Step 2: To generate the Voters and candidate data using randomuser API run the following commands, python generate_voters_data.py, python generate_candidate_data.py.
Step 3: To generate historical data for training the linear regression model run the following command, python generate_historical_data.py. You can create historical data for different years.
Step 4: Upload voter_data, candidate_data and historical_data to HDFS.
Step 5: To train the linear regression model using the historical data in HDFS run the following command python linear_reg.py. To evaluate the trained model run python linear_reg_test.py.
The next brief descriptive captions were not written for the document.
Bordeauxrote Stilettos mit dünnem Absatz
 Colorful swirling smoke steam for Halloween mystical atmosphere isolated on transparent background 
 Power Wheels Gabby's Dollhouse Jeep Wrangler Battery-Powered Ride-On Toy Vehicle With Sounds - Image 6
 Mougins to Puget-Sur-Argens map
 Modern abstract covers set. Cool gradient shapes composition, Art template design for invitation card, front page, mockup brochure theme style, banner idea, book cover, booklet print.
To visualize the prediction from the model run python linear_reg_plot.py.
##Phase 2 : Real time Data Analysis without kafka integration
Step 1: Generate the Voters and candidate data using randomuser API run the following commands, python generate_voters_data.py, python generate_candidate_data.py.
Step 2: To train the ARIMA model run python arima.py. To predict the future time frames run python arima_test.py. To visualize the predicted time frames run python arima_plot.py.
Step 1: Start the hadoop cluster by running start-all.cmd on your terminal. Start the kafka server by running .\bin\windows\zookeeper-server-start.bat .\config\zookeeper.properties and .\bin\windows\kafka-server-start.bat .\config\server.properties in different terminals.
Step 2: Create necessary kafka topics by running the following commands, kafka-topics.bat --bootstrap-server localhost:9092 --create --topic voting_data , kafka-topics.bat --bootstrap-server localhost:9092 --create --topic data_<candidate_id>.
Step 3: To ingest the data to the kafka topic in real-time run python kafka_producer.py. Ensure you have created a kafka_topic 'voting_data'.
Step 4: To process the data from the kafka run python kafka_consumer.py. This code processes each message and commits the offset. It does the face verification using Siamese networks and trains the ARIMA model with real-time data.
Step 5: To visualize the analysis using streamlit run streamlit run frontend.py.